EXERCISE DESCRIPTION:
Locate the line bearing "Meuble TV mural" in the material below, then reproduce it and each following line up to and including the line bearing "Greenery Pumpkin Herfst".

DATA SHOWN:
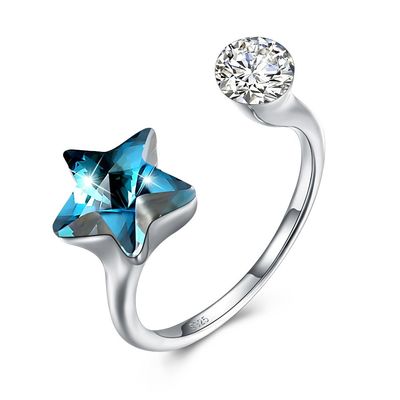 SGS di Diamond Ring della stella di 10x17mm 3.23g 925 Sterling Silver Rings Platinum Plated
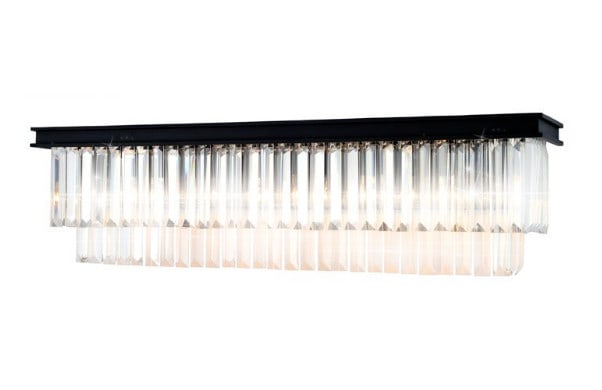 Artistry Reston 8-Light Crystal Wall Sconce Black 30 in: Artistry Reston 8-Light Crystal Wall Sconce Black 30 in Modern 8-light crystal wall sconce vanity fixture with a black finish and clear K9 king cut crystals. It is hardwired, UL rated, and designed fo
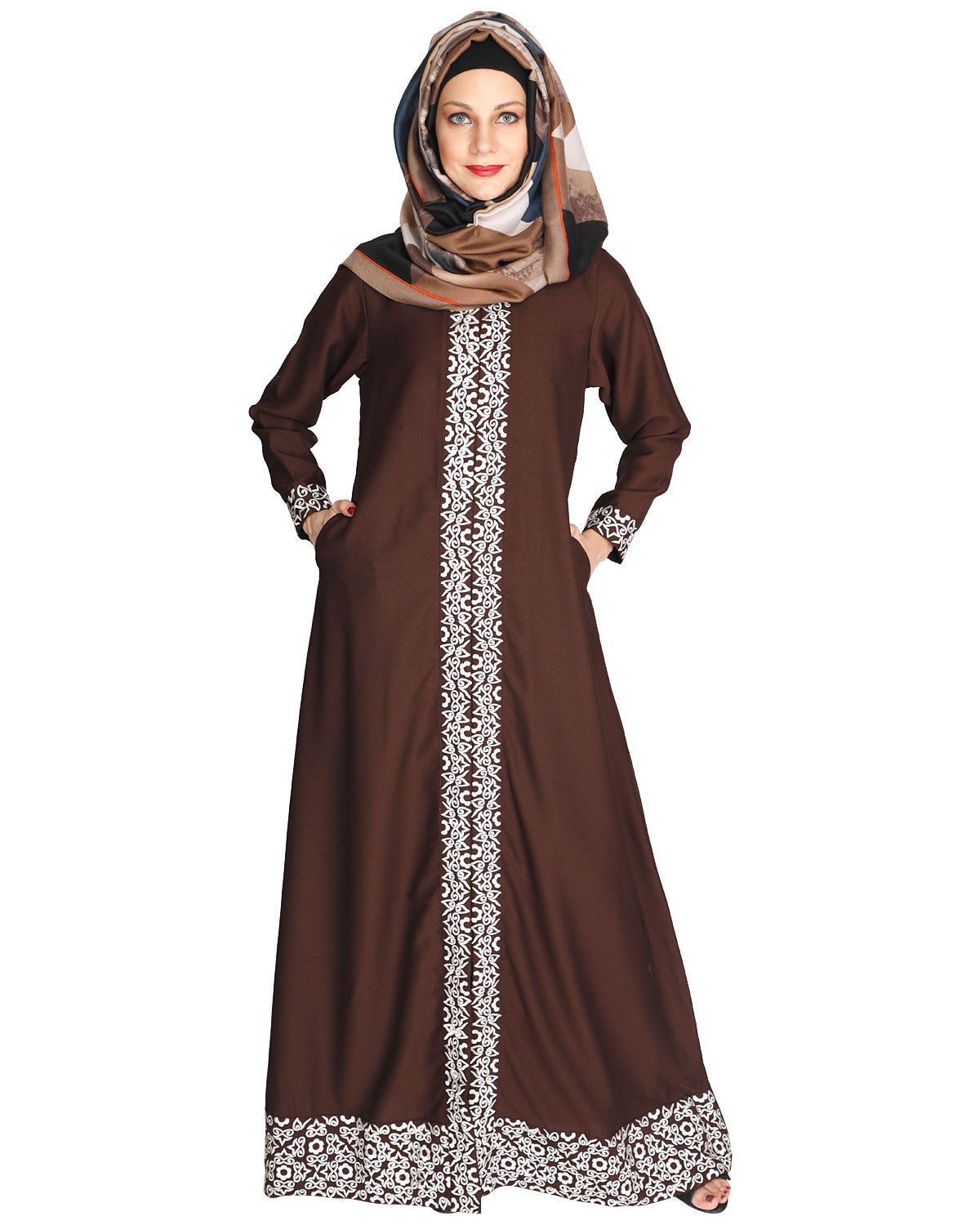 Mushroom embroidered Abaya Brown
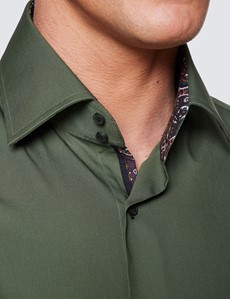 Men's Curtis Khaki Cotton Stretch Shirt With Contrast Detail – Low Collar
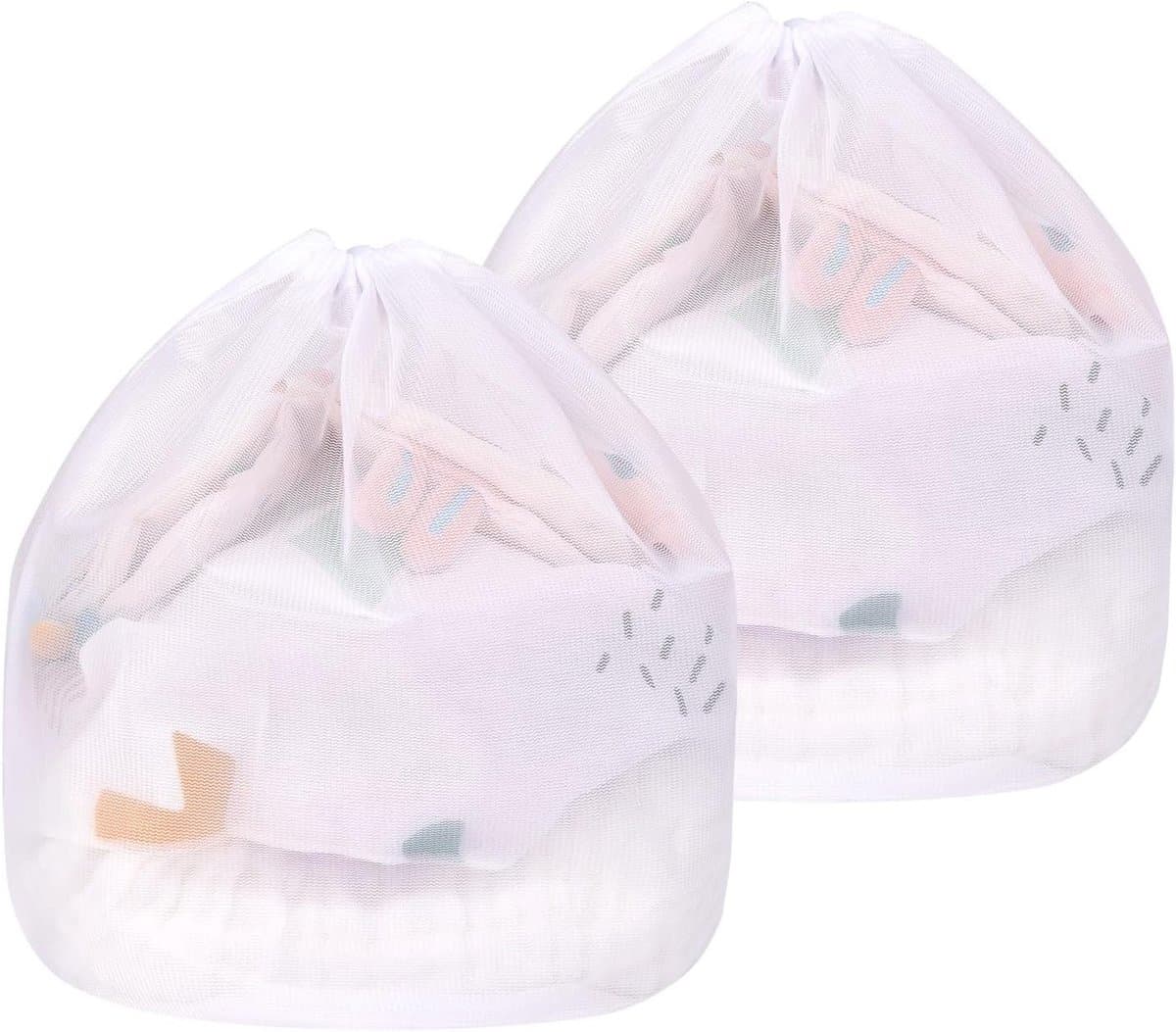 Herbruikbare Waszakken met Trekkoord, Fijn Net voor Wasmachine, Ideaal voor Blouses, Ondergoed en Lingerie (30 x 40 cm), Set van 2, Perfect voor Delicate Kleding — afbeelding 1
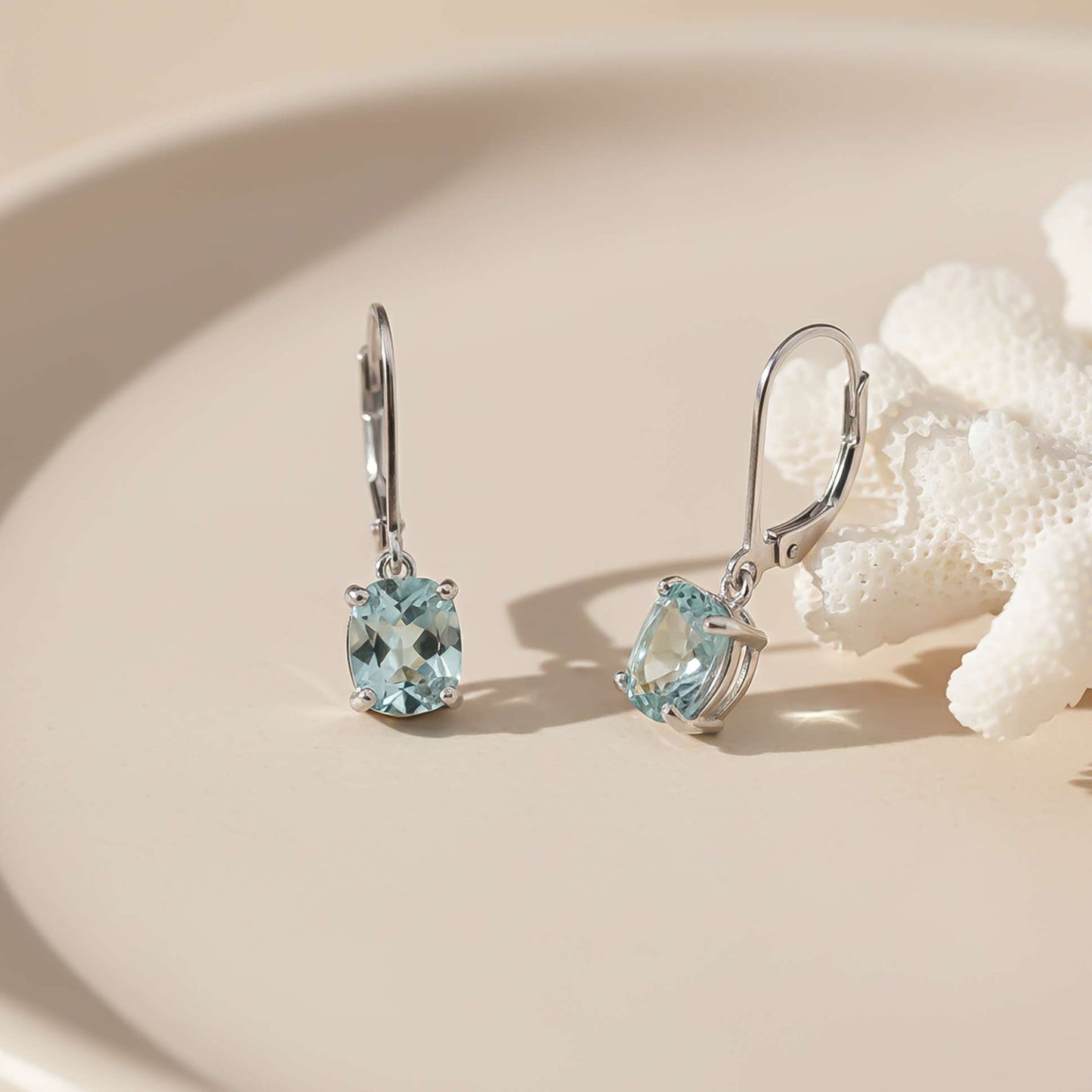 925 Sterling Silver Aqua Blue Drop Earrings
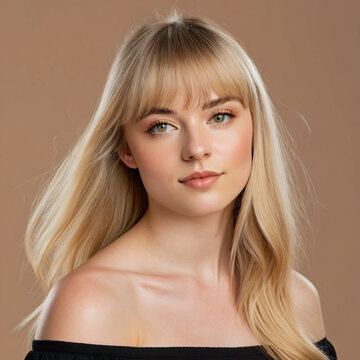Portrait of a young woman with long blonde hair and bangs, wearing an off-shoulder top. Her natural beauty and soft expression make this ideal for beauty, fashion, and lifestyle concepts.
--
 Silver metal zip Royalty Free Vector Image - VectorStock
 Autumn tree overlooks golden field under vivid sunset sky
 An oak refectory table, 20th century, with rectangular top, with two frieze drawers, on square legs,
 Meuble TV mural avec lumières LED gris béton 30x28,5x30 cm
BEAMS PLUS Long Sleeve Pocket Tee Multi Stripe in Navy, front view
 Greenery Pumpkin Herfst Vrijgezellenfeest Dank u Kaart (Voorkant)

RESULT FOR THIS EXERCISE:
 Meuble TV mural avec lumières LED gris béton 30x28,5x30 cm
BEAMS PLUS Long Sleeve Pocket Tee Multi Stripe in Navy, front view
 Greenery Pumpkin Herfst Vrijgezellenfeest Dank u Kaart (Voorkant)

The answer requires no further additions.